» Your instructions:
Given the entries below, would you transcribe exactly the lines starting at the one with "Building Photo - 3600 Broughton Rd" and ending at the one with "Celular carregando-TS Shara", both kept, pictures omitted, nothing extra?

» Record excerpts:
——————————

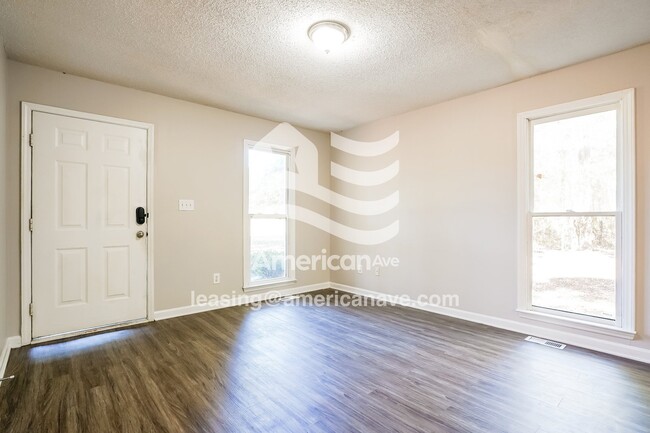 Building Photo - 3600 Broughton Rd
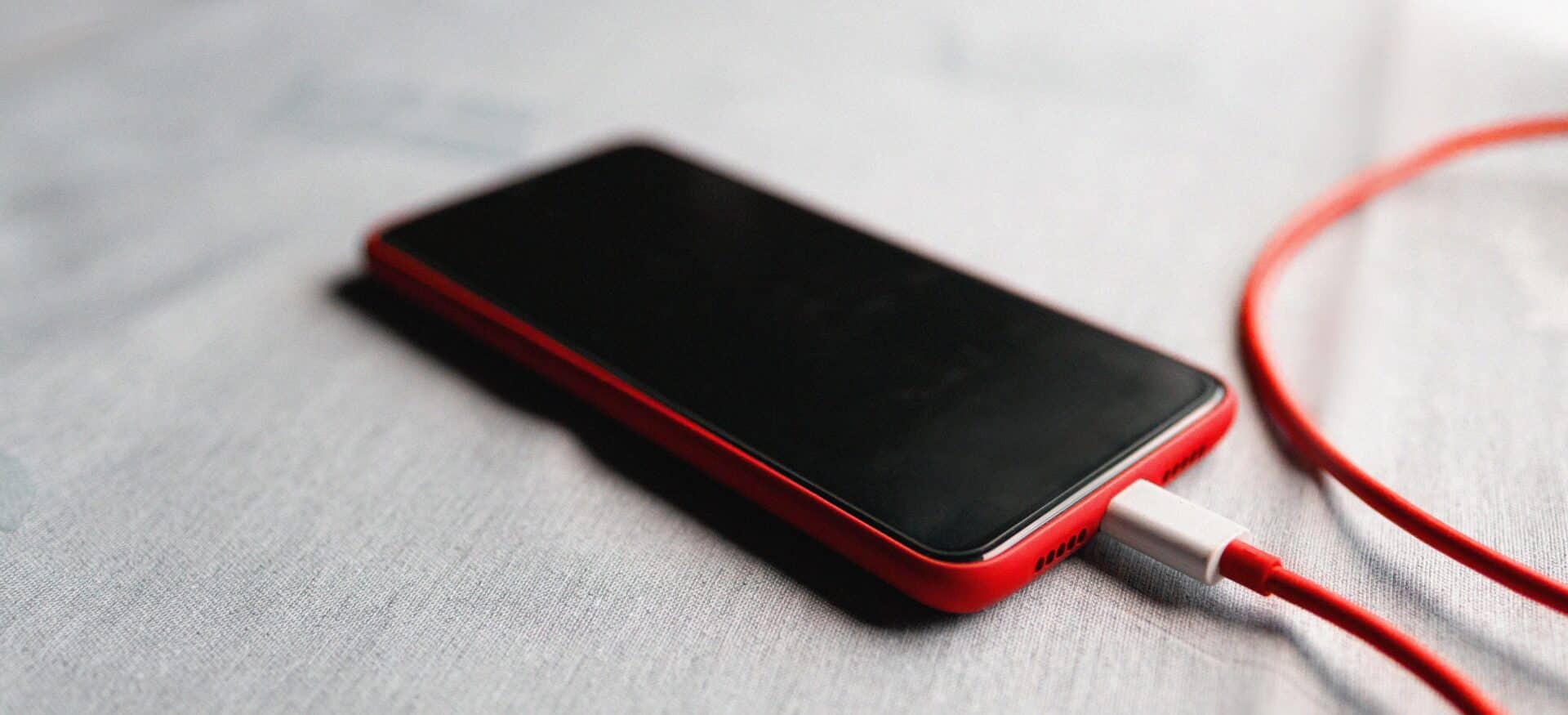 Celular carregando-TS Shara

——————————

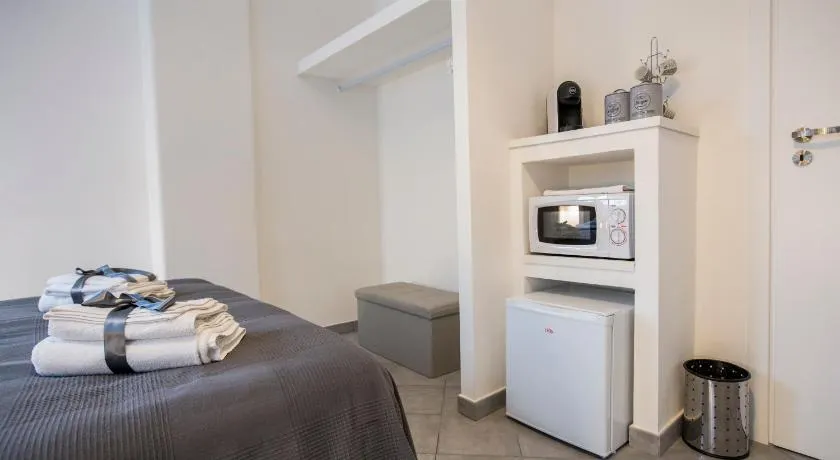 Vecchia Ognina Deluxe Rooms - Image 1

——————————

» Reply to the exercise:
 Building Photo - 3600 Broughton Rd
 Celular carregando-TS Shara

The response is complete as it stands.